Couple of friends have 'rice puddings' (must remember to tell them that one), they love theirs.


----------



## Moped (Sep 16, 2022)

Crank drive motors are more expensive by a fair mark up relative to rear hub drive. 

They are a must have for serious mountain biking as they offer more control at very slow speeds and don’t give you the    kick forward that hub drives do which can be disconcerting if attempting a tricky black course obstacle. 

But for general road use for those on a budget rear hub drives are fine and reliable. After all there are tens of million hub drive cyclists in China!


----------



## Moped (Sep 16, 2022)

mark61 said:


> Why rear hub?
> Seems a lot of reasonably to top end spec bikes have a motor in the centre, although the very high spec Stromer does have a rear hub motor.


The opening post was looking for comments relating to a €500 French ebike.

Budget bikes won’t have a crank drive. So whilst chat about crank drives can be interesting is it relevant for those looking for a starter budget ebike?


----------



## mark61 (Sep 16, 2022)

Moped said:


> The opening post was looking for comments relating to a €500 French ebike.
> 
> Budget bikes won’t have a crank drive. So whilst chat about crank drives can be interesting is it relevant for those looking for a starter budget ebike?

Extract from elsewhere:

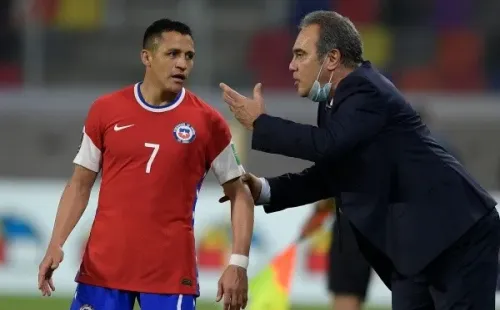 Martín Lasarte define pronto su nómina para la triple fecha. (Foto: Getty Images)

All good, completely understand now.

The  "Has to be rear hub motor" is in context of budget.


----------



## Moped (Sep 16, 2022)

If you want a French bike then Decathlon in the U.K. would be a good start. They do a crank centre drive mountain bike for around £1600 with hub ebikes starting from around £650.

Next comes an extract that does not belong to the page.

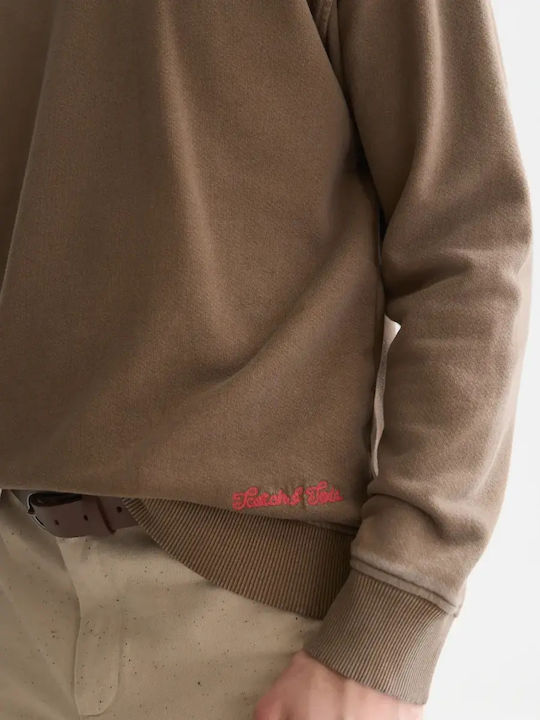 Brown Sweatshirt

If you are in France then a trip to a French Decathlon might be interesting. Prices very similar to the U.K. taking exchange rates into account. However now that we have left the EU you might even get a tax free purchase but then you have to pay import duties when you declare it as you pass through British customs.

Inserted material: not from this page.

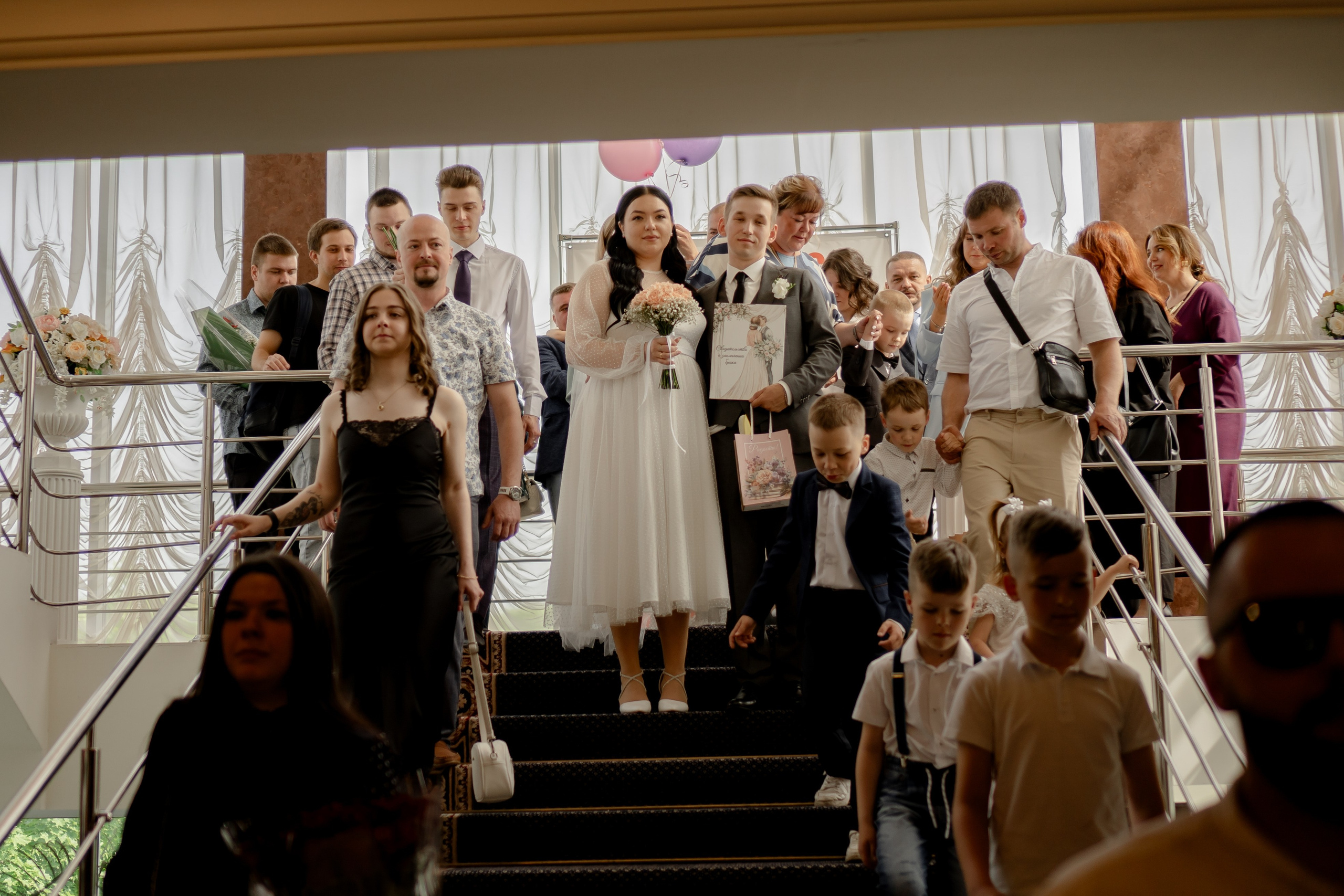 СВАДЕБНАЯ СЬЕМКА В ЗАГСЕ И БАНКЕТ. Профессиональный фотограф, Санкт-Петербург — Виктория Богомолова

Something to consider if purchasing a French ebike.


----------



## Glandwr (Sep 16, 2022)

What makes them even cheaper is that you can claim nearly a the French VAT back if you bring it back here within 3 months.  Easy apps for it now.


----------



## witzend (Sep 16, 2022)

Moped said:


> The opening post was looking for comments relating to a €500 French ebike.
> 
> Budget bikes won’t have a crank drive. So whilst chat about crank drives can be interesting is it relevant for those looking for a starter budget ebike?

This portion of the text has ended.